- Music: Various
- Lyrics: Various
- Book: Frank McCourt
- Premiere: 1997: Irish Repertory Theatre
- Productions: 1997 Off-Broadway 2000 Off-Broadway revival 2010 Off-Broadway revival

= The Irish... and How They Got That Way =

American Off-Broadway musical

The Irish… and How They Got That Way is an American Off-Broadway musical first performed in 1997 at the Irish Repertory Theatre. Based on a book by Frank McCourt, the play featured an eclectic mix of Irish music ranging from the traditional "Danny Boy" to U2's "I Still Haven't Found What I'm Looking For."

== Development ==

Recognizing a 1990s interval of cultural Hibernophilia, Frank McCourt wrote The Irish… and How They Got That Way, which premiered in 1997 at the Irish Repertory Theatre, where McCourt had previously acted. The play combines primary documents, such as news, letters, photos, paintings, and journals, either in spoken words or in projections upon the backdrops to illustrate the Irish-American struggle over the prior 150 years.

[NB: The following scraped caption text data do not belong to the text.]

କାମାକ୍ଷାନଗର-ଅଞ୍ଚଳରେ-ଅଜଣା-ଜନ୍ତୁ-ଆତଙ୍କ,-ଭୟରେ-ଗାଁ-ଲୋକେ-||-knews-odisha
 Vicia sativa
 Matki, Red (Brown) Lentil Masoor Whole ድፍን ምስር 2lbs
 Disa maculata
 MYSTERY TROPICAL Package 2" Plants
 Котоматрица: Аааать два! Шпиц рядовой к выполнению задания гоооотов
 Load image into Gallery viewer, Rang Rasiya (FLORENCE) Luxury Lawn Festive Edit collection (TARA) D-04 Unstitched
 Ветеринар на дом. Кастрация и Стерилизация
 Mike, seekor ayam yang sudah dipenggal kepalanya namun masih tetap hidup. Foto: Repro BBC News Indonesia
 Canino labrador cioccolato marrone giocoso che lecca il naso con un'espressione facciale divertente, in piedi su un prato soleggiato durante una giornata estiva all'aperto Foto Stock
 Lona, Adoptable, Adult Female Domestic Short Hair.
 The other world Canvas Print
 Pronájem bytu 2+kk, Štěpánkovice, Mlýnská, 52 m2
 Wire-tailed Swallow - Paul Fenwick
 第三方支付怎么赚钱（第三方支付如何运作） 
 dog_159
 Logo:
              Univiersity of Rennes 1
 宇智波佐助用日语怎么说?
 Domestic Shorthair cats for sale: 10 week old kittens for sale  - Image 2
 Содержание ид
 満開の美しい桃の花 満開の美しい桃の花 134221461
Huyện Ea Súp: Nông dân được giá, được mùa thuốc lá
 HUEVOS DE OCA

Press notes described it as an "irreverent but affectionate history of the Irish in America that mingles laughter and sentiment in a tapestry of classical songs and stories. The production encapsulates the most tumultuous times of the past century with the vibrant humor and bitter irony that had become the trademark of the author."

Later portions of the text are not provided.